I knew that I could have played 16…BxN, but had decided that he surely wouldn’t agree to a draw, so I’ll play for a win. Unfortunately, I made this decision in time-pressure.
When he played 21.Nh4, my original idea had been to counter this move with 21…Bg5 (with ..f6 to follow) but somehow played ..Qd7 (because my mind was on where to put the queen) first and was then stuck with the chore of defending ..f7.
I flagged just barely, but he had achieved a dominating winning position by then.
I didn’t notice he had the Qf6 move winning a piece until move 23, when I would have replied 23…Rh8-c8, sacking the bishop. I didn’t see Qf6 a move earlier, but now I am in time-pressure and he is playing quickly, and is looking at my clock now and then during the game. If I had played ..Bg5 when I had meant to, then his g4 could have been met by ..Bf4. I had intended to sac my h-pawn for some counterplay, but had bungled the whole affair starting with my ..Qd7 move.
Paul showed why he is such a great endgame player, just keeps building the position and doesn’t let out the tension with a NxB trade. He had over 50 minutes at the end of the game. This is one thing I find unfortunate about G/90, the chance of one endgame mistake (not playing ..Bg5 at the crucial moment) and it becomes an entirely different endgame, not even counting the piece he could have taken.

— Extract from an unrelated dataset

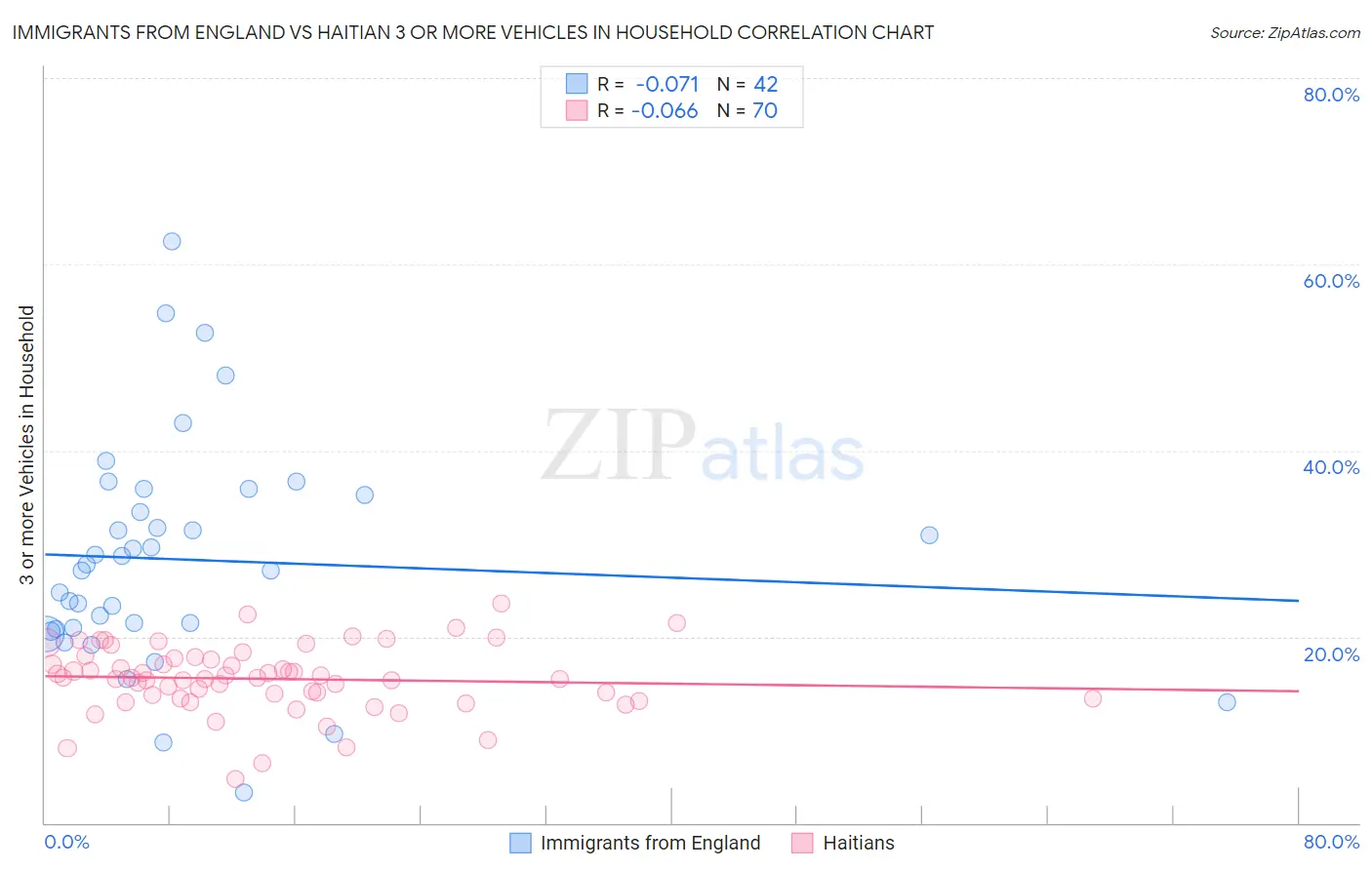 Immigrants from England vs Haitian 3 or more Vehicles in Household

The big mistake I made in this game was a psychological and time-pressure one. In time-pressure, I decided I liked my position enough to play for a win instead of a draw, even though I knew as soon he had played d5, that strategically it would be best for me to trade my bad bishop for a knight, but I tried for something tactically instead when I had a great big nothing of a position, and a draw would have been a great result against him as Black from this opening position.